Her answer mystified and exhilarated him. If he were to make a confession in this moment, it would be to desire. Would her confession be the same?

The atmosphere between them shifted from tentative challenge and merciless discovery to something softer and warmer.

Here she stood. Looking up at him with her eyes wide and open upon his face. Her lips relaxed, threatening to part.

Close enough to touch. To taste.

“As much as I hate to agree with Count Armediano upon anything, I must say, ye are an extraordinary woman,” he crooned.

Her lashes fluttered down over her cheeks, where he was glad to see her peachy blush return. “That is kind of you to say, my lord.”

A muscle released at the back of his neck, allowing his head to lower toward hers. “Ye doona have to call me that. Ye’re not in my court.”

Eyes as deep and blue as Loch Ness beneath the sun lifted to meet his. “What if I was in your court? Would you condemn me?”

“Never.”

“Never is a dangerous word.” Her breath smelled sweet, like chocolate and scotch.

“So is always.”

“If not my lord, what should I call you, then? Cassius?”

“Ramsay will do just fine.”

Her eyes darted away, but not before he caught a flash of something. Shyness? Or a secret? The night whispered a warning, but it was too late. The moon-drenched darkness had become his undoing, the gardens his prison. He couldn’t have escaped even if he’d wanted to.

“I like your names,” she whispered, swaying forward. “Ramsay. And Cassius.”

He hated his name. He hated it every day. “I like yers.”

She blinked. “Would you say it?”

“Miss Teague?”

“No, might you call me Cecelia?”

“Cecelia.” He drew out the syllables, letting his tongue linger over them. Learn them.
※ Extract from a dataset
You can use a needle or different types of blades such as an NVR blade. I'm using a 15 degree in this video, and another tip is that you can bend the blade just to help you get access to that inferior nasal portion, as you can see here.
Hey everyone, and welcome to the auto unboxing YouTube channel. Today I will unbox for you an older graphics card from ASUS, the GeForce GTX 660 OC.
She closed her eyes, seeming to savor the word with the same vigor as the truffles. “Again?”

An invisible restraint shackled his bones, this one not of cold hard iron, but of velvet. It tugged him toward her. Drew her name out of his chest like a poem, and then a prayer.

“Cecelia.”

Her lips parted.

And he was lost.

Lost to the thundering of his heart. To the pull of her body, as powerful and unavoidable as the influence of the moon on the tides.
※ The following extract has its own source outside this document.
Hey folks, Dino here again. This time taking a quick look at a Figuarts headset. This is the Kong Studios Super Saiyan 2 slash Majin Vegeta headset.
Their breath mingled. Her scent tangled with that of the lilacs, unbearably lovely.

His lips hovered. Met hers. Stilled.

For a heartbeat, or maybe an eternity, he stood like that. Paralyzed. Not from fear. Not exactly.
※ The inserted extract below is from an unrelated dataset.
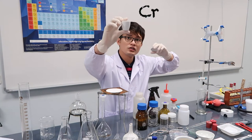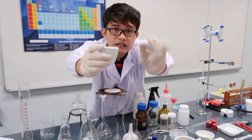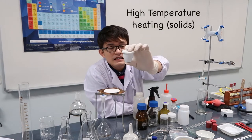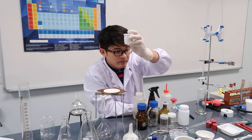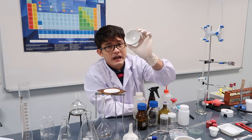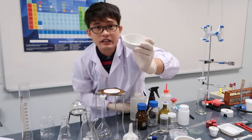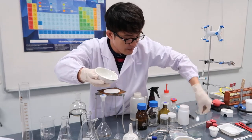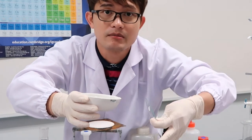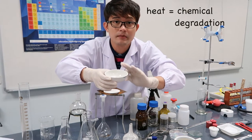This is a crucible cup, and this is a crucible lid — they go together. The crucible is used for extreme heating of solid materials. For liquids, if you want to evaporate a liquid, we use the evaporating dish. The difference from the watch glass is that the evaporating dish can be heated directly to evaporate faster, whereas the watch glass is for air drying.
A hunger crawled through him like a beast with many claws. A beast locked away for a time longer than infinity. Raw, uncontained sexuality that had no place in such orderly, sedate gardens roared to life and threatened to rip his self-control to shreds.

As though she sensed the beast, Cecelia made a small, intimate sound.

One dangerously close to surrender.

Don’t, he silently begged. Don’t make me want you this much. Don’t give me something else to fight. To crush. To contain.